No pictures go into the copy. Write out exactly the lines below from the one containing "La Prehistoire Chahutee - Glozel (1924-1941)" through the one containing "4 important ways".

Excerpted data
---
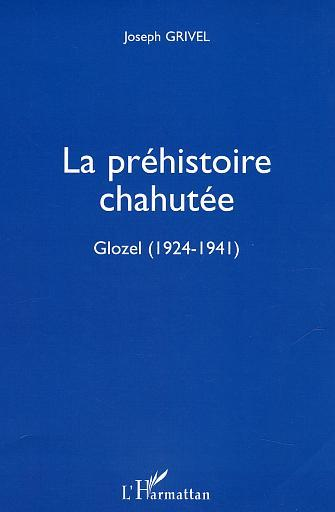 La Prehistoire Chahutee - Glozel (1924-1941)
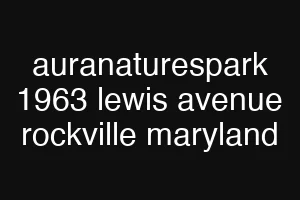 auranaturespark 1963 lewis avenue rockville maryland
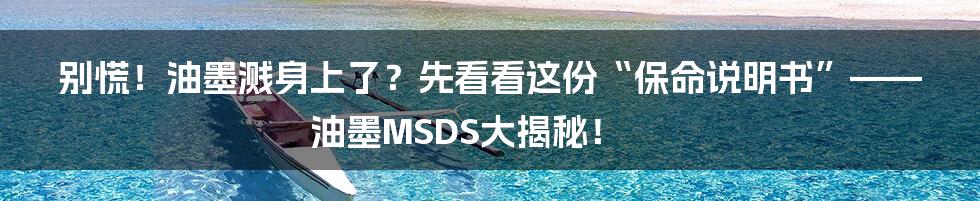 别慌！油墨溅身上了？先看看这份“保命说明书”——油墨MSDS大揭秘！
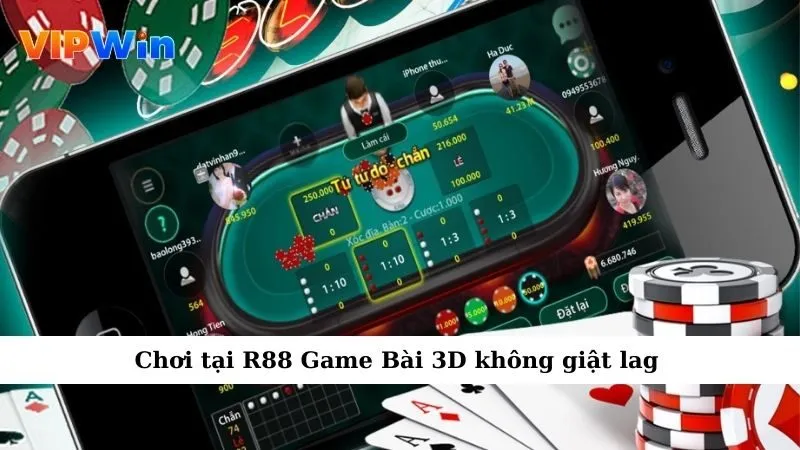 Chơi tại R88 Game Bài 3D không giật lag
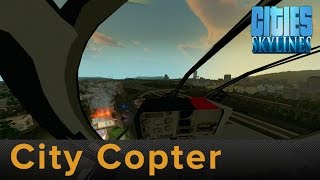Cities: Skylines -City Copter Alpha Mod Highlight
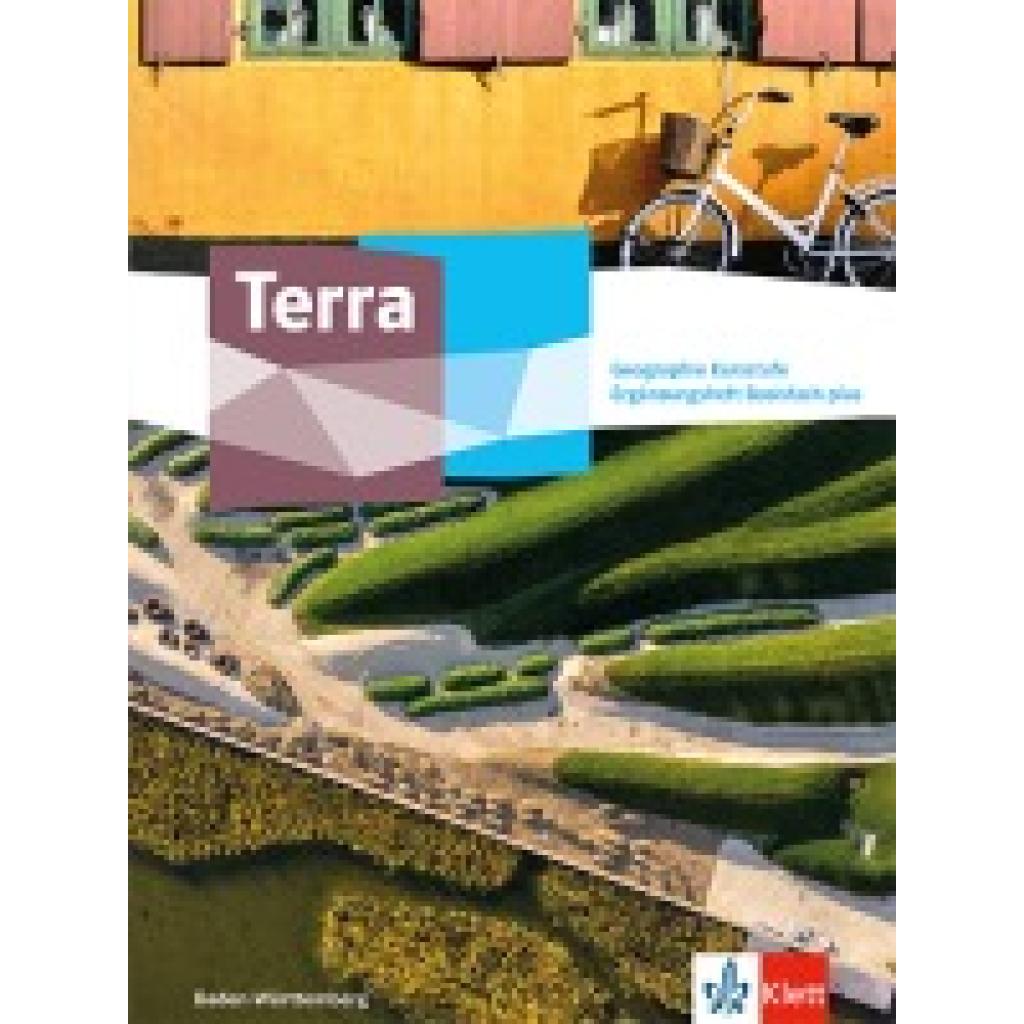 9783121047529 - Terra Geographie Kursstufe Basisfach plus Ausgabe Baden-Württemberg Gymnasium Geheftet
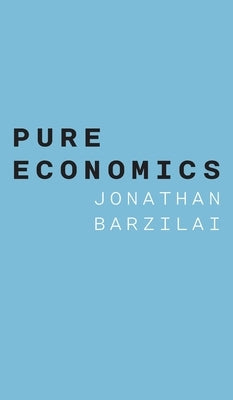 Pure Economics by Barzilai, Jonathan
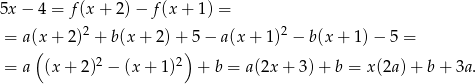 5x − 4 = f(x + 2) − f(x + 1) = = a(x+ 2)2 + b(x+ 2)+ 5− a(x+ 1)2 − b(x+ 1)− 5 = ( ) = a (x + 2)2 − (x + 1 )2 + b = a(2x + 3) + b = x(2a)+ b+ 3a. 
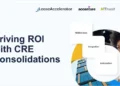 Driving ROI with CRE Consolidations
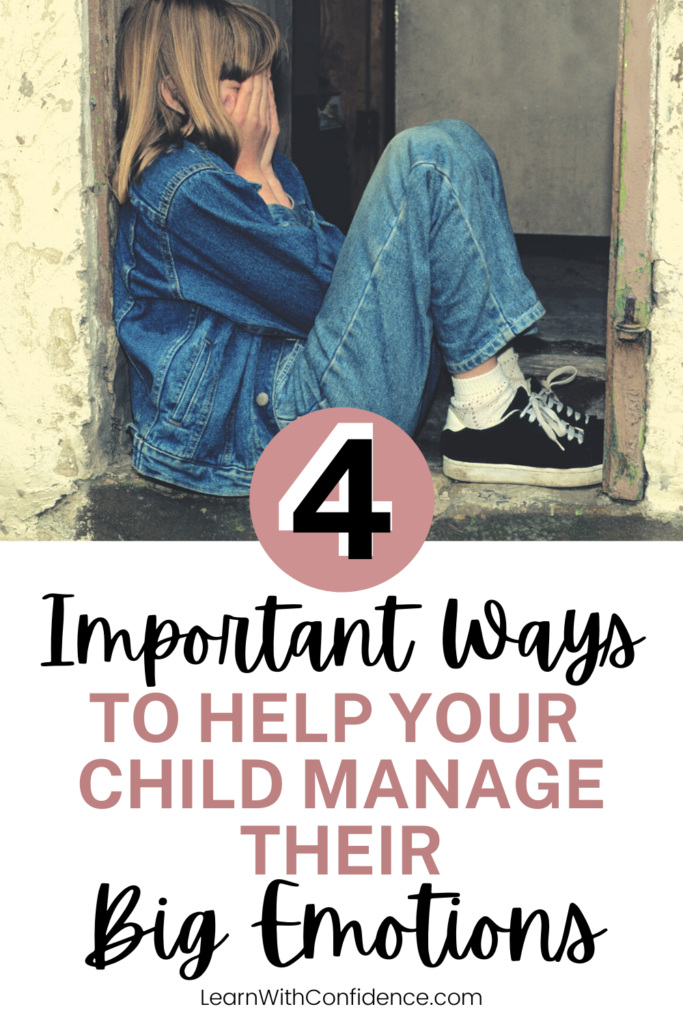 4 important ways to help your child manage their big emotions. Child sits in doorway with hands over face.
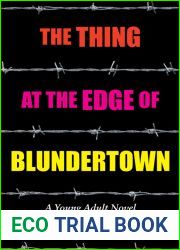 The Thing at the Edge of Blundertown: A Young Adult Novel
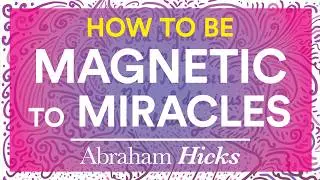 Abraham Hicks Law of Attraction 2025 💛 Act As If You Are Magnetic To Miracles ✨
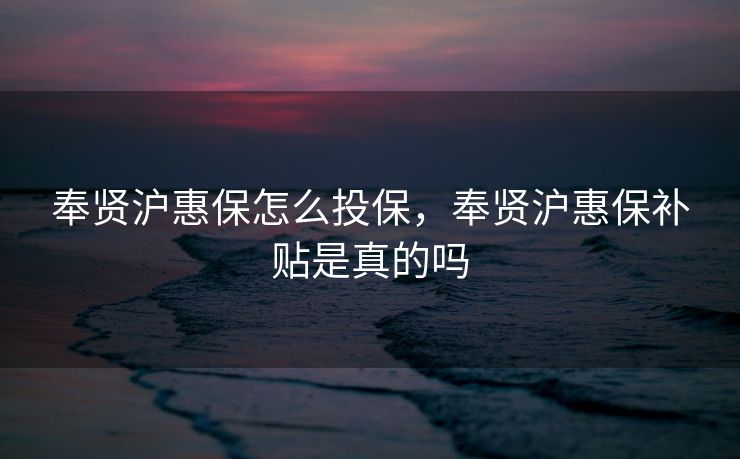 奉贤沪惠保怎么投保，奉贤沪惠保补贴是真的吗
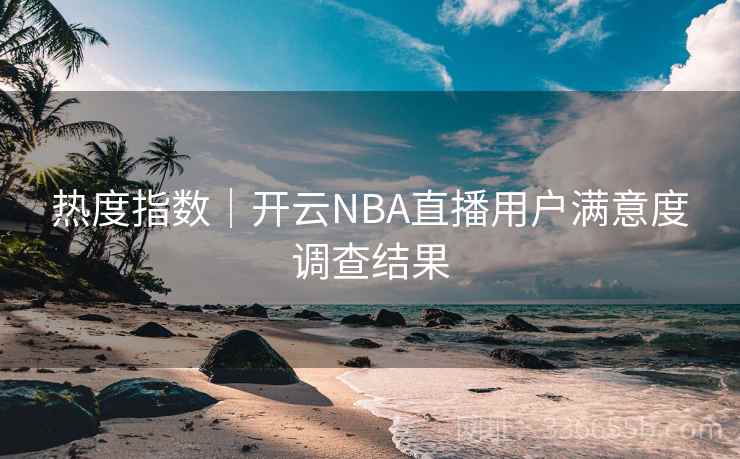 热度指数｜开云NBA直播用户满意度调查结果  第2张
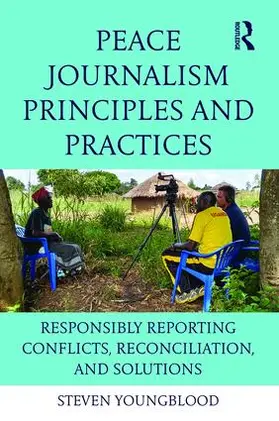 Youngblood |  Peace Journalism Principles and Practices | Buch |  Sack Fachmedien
---
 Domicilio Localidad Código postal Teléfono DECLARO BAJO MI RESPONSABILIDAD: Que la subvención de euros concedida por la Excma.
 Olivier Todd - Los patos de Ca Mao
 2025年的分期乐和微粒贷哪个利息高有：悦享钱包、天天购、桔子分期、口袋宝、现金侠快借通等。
---
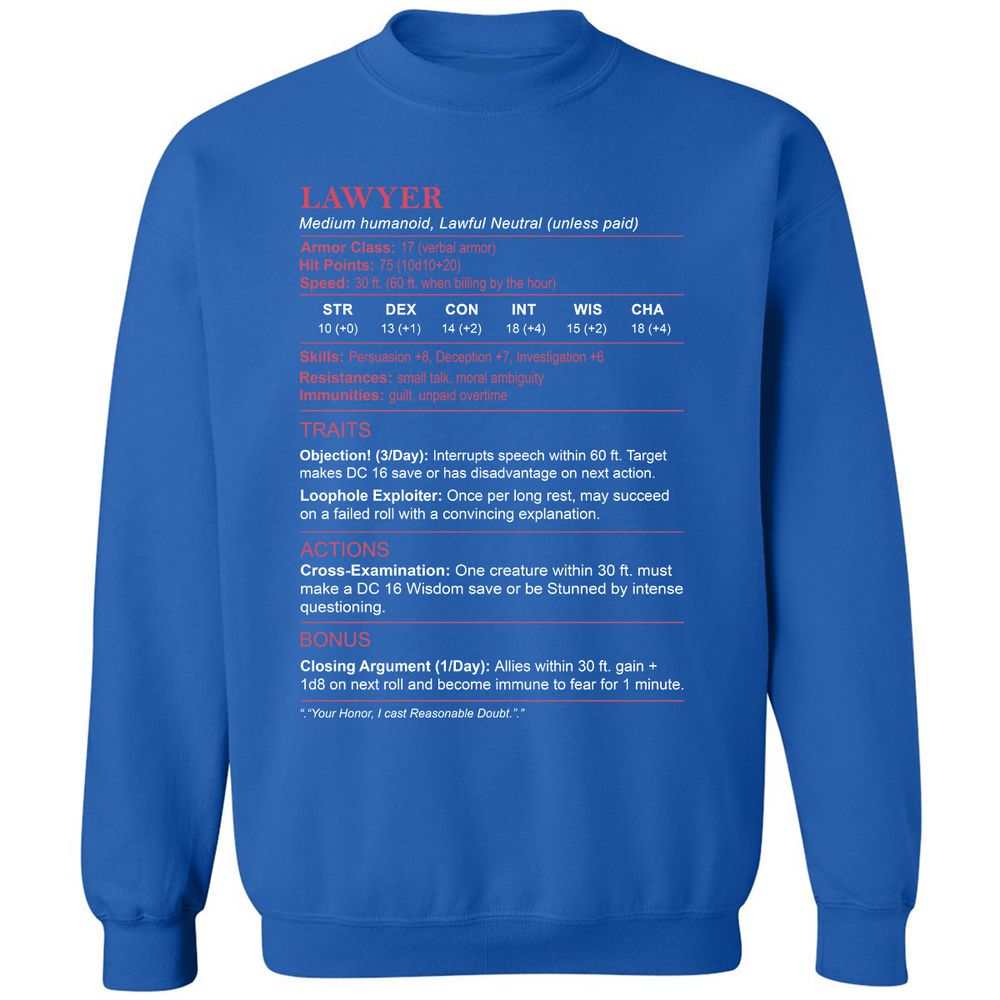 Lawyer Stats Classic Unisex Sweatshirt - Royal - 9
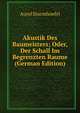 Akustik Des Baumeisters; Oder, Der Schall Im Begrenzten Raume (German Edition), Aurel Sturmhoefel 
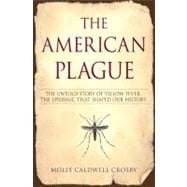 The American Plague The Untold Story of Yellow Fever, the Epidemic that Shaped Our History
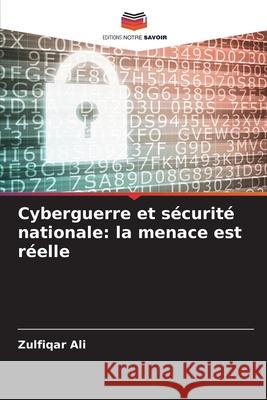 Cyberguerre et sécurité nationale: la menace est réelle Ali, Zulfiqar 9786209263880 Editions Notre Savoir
---
Answer space
 La Prehistoire Chahutee - Glozel (1924-1941)
 auranaturespark 1963 lewis avenue rockville maryland
 别慌！油墨溅身上了？先看看这份“保命说明书”——油墨MSDS大揭秘！
 Chơi tại R88 Game Bài 3D không giật lag
Cities: Skylines -City Copter Alpha Mod Highlight
 9783121047529 - Terra Geographie Kursstufe Basisfach plus Ausgabe Baden-Württemberg Gymnasium Geheftet
 Pure Economics by Barzilai, Jonathan
 5x − 4 = f(x + 2) − f(x + 1) = = a(x+ 2)2 + b(x+ 2)+ 5− a(x+ 1)2 − b(x+ 1)− 5 = ( ) = a (x + 2)2 − (x + 1 )2 + b = a(2x + 3) + b = x(2a)+ b+ 3a. 
 Driving ROI with CRE Consolidations
 4 important ways to help your child manage their big emotions. Child sits in doorway with hands over face.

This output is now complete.